## Material for this task
......

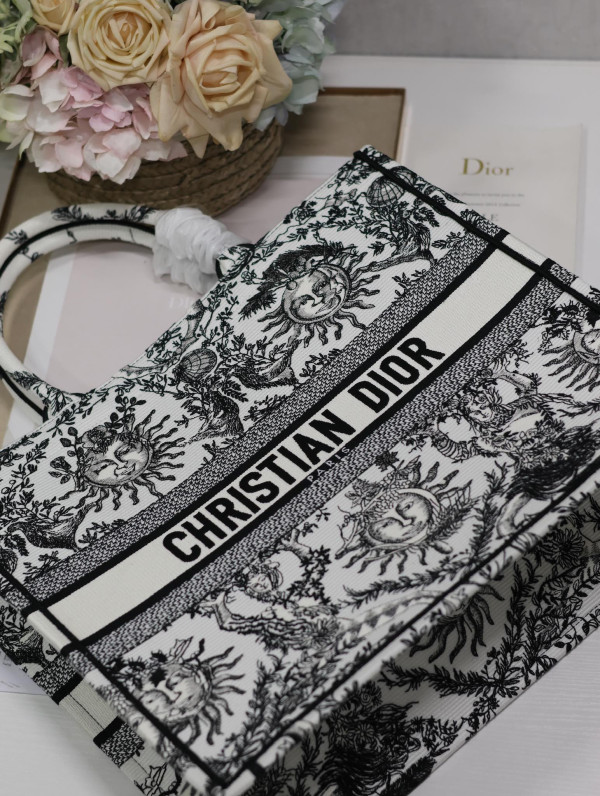 large D*or book tote-42*35*18.5cm
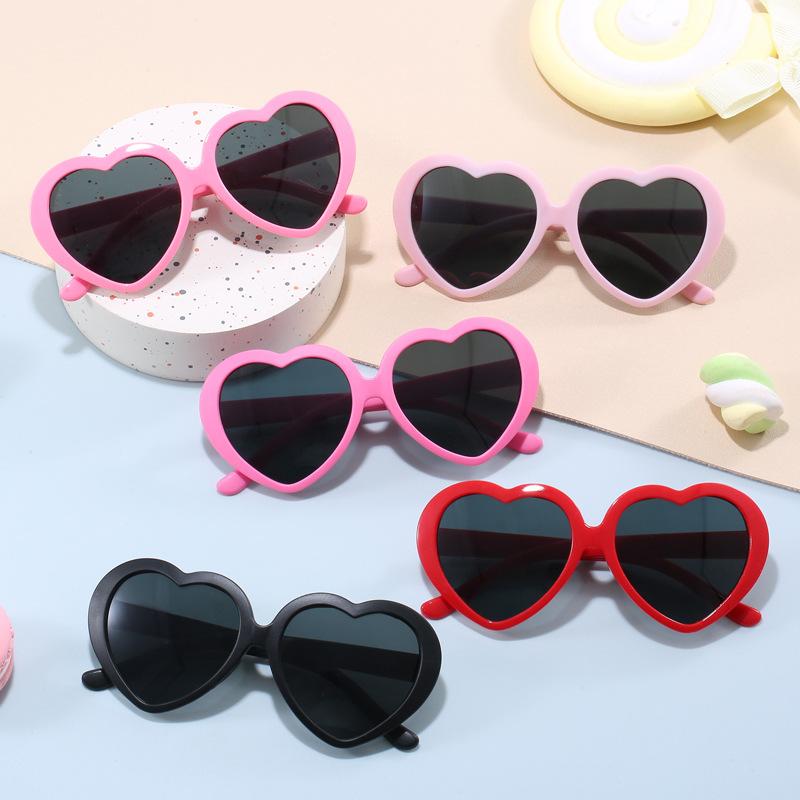 Heart-Shaped Sunglasses Children Heart-Shaped Frame Glasses Eyeglasses Baby Summer Sun Glasses For 3-12 Years Old Kids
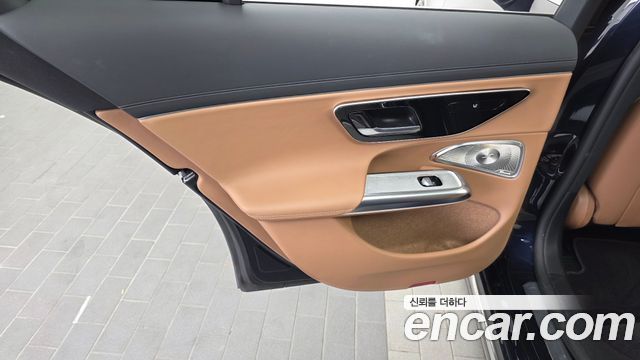 Mercedes-Benz E-Class 2024 — photo 15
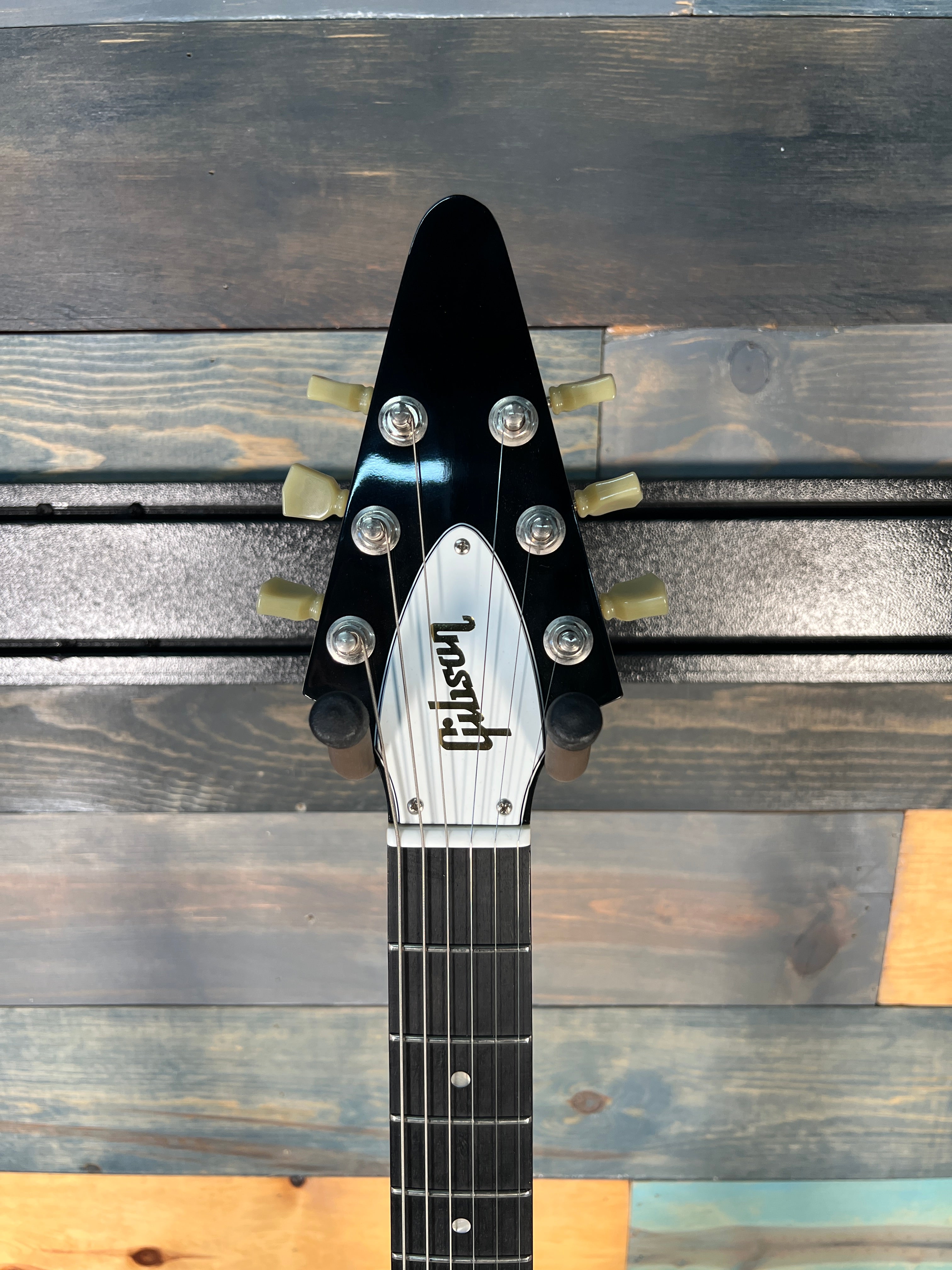 USED 2008 Gibson Flying V - Alpine White EMG HET SET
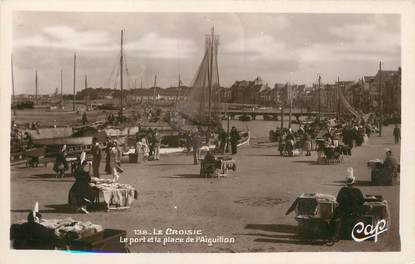 / CPSM FRANCE 44 "Le Croisic, le port et la place de l'Aiguillon "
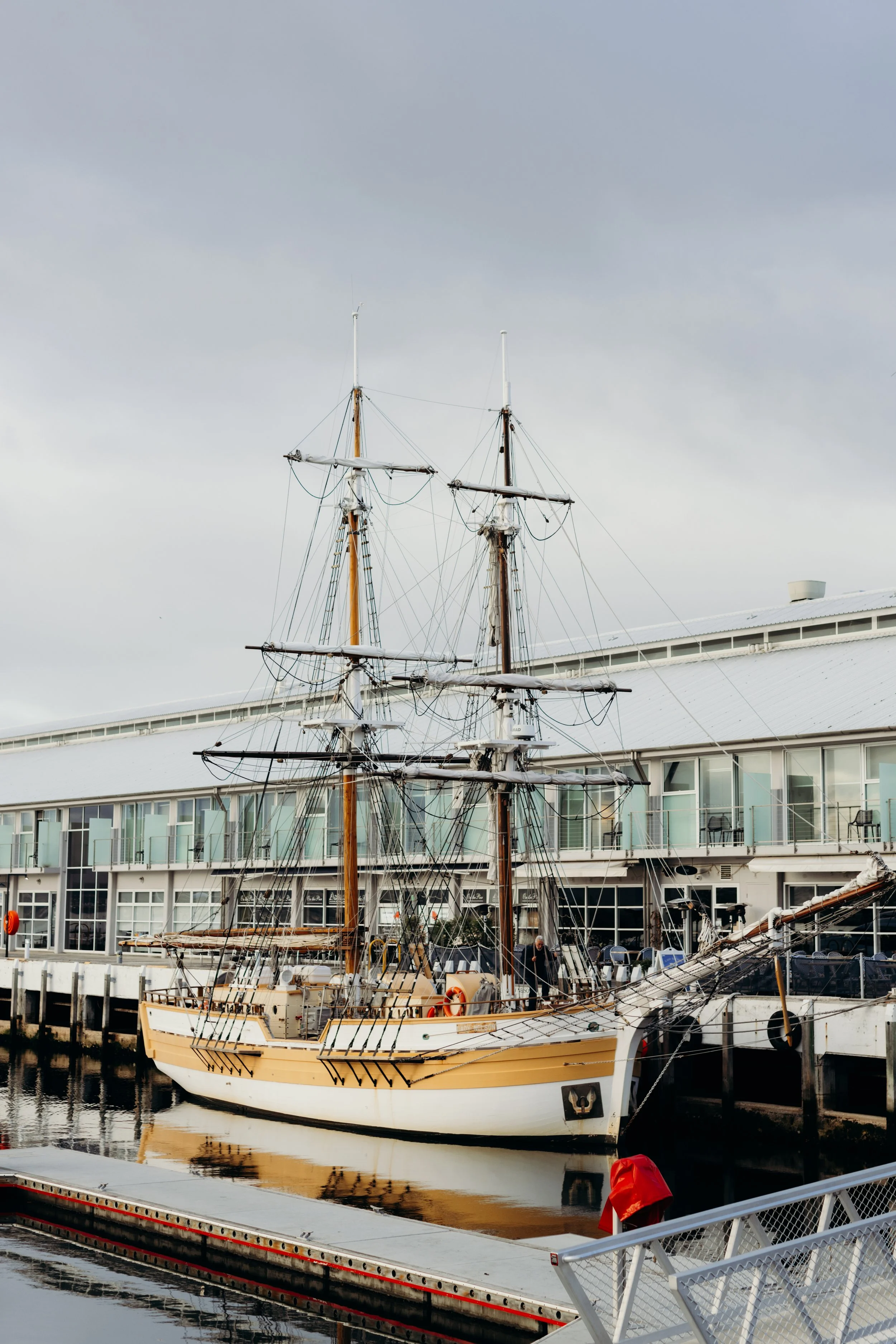 The Hobart Waterfront. Image courtesy of Brand Tasmania.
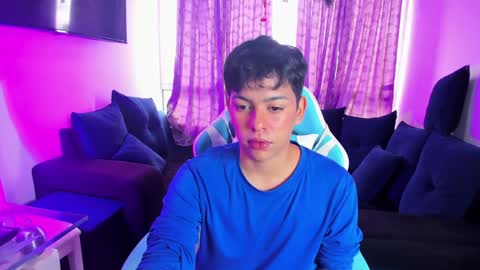 Snapshot of franco_rizzo01 chatting on 01-05-25, 08:52 frank online show from 01-05-25, 08:52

......

## Problem details
Without any pictures, transcribe the listing above exactly as written.

## Written response
 large D*or book tote-42*35*18.5cm
 Heart-Shaped Sunglasses Children Heart-Shaped Frame Glasses Eyeglasses Baby Summer Sun Glasses For 3-12 Years Old Kids
 Mercedes-Benz E-Class 2024 — photo 15
 USED 2008 Gibson Flying V - Alpine White EMG HET SET
 / CPSM FRANCE 44 "Le Croisic, le port et la place de l'Aiguillon "
 The Hobart Waterfront. Image courtesy of Brand Tasmania.
 Snapshot of franco_rizzo01 chatting on 01-05-25, 08:52 frank online show from 01-05-25, 08:52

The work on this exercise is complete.